Evidence of early Spanish colonization in western North Carolina is being unearthed in an archaeological dig that began in 1986. After decades of research and testing, proof exists that a Spanish fort in the area, known as Fort San Juan, is now considered to be the earliest known European settlement in the interior of the United States (that is, aside from coastal areas such as St. Augustine, Florida.).
Pre-dating North Carolina’s “Lost Colony” by 20 years and Jamestown, Va., by 40 years, Fort San Juan was built in 1567 by Spaniard Juan Pardo and an army of 125 men. The Spanish were seeking to expand their empire of land and wealth throughout the Southeast, starting in present-day Florida and marching north. Hernando de Soto had first journeyed from Florida through North Carolina on the way to the Mississippi River in 1540.
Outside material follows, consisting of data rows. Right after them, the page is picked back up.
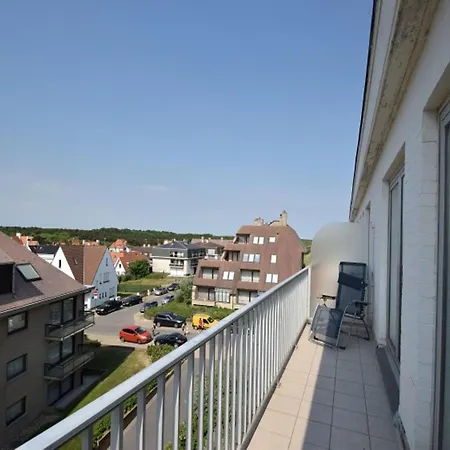 Apartment Golden 0204 In De Haan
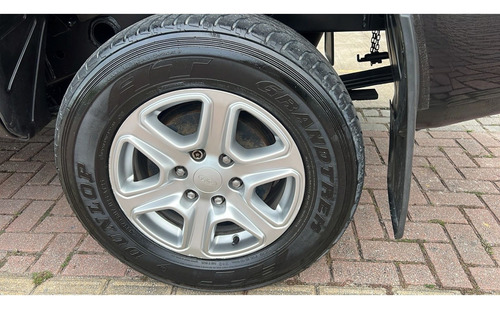 Ford Ranger 2.5 XLT 4X2 CD 16V FLEX 4P MANUAL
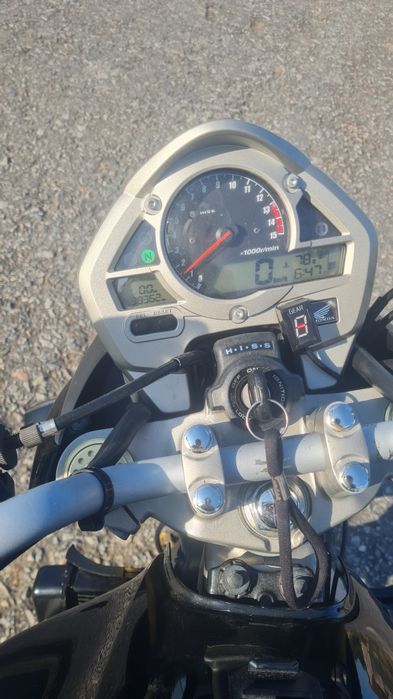 Honda Hornet 600 2008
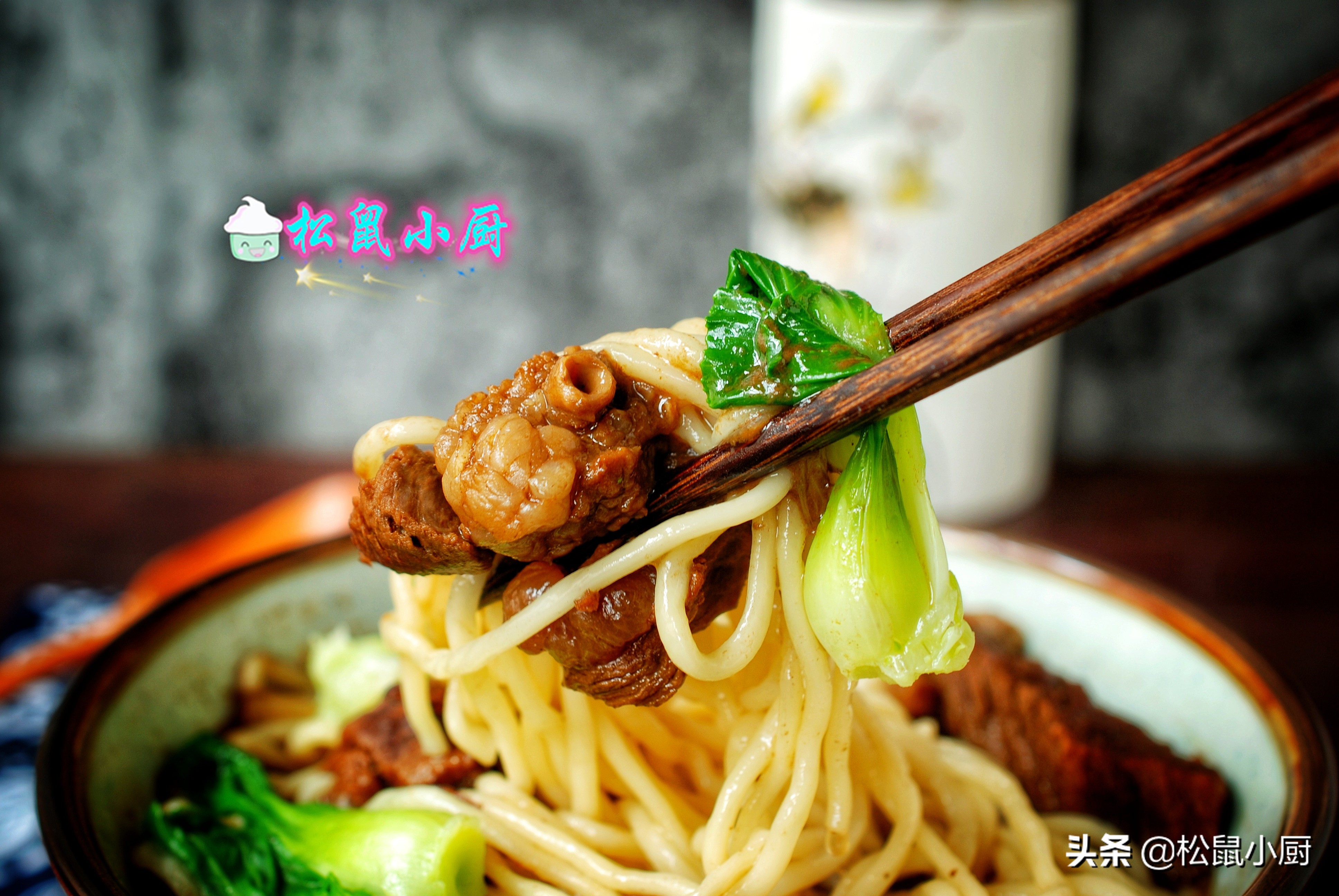 想吃面条自己不会做,不需要面条机怎么做面条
“We know with the kind of certainty that is rare for archaeology of Native American sites that this was the Native American town of Joara where Juan Pardo arrived in December 1566,” says Tulane University archaeologist Dr. Chris Rodning. “It is recorded in the written accounts of the Pardo expedition that he established a town named Cuenca and Fort San Juan adjacent to the town of Joara.”
Pardo was on a mission to secure a safe route to transport gold and silver from Mexico to the Atlantic Ocean where it could be shipped back to Spain, without the danger of pirates encountered by sailing through the Caribbean. He devised a road supported by six forts between eastern Tennessee and modern-day Parris Island, S.C.
An early co-existence between the Catawba tribe and the Spaniards seems to be evident, but conditions quickly turned sour, as a Native American tribe burned all six of the forts by the spring of 1568 and killed all but one of the soldiers. Fort San Juan was the first fort to have been built, lasting 18 months, and the only fort that has been excavated.
Fort San Juan is located on a private piece of property now known as the Berry Site, named after landowners Pat and James Berry. The Smithsonian documented a large earthen mound on the property in the late 1800s, well before it was bulldozed in the 1960s, signaling the likely existence of Native American artifacts. According to Rodning, “the Berry Site represents one of the largest Native American towns from the greater Southern Appalachians between 1400-1600.”
When archaeologist Dr. David Moore first came to the site in 1986, he quickly found plenty of remains, with one puzzling European artifact. Nearly a decade later, archaeologist Dr. Robin Beck, the Berrys’ nephew, also found European relics on the site, encouraging Moore and Beck to believe that this could be the site of the long-lost Fort San Juan.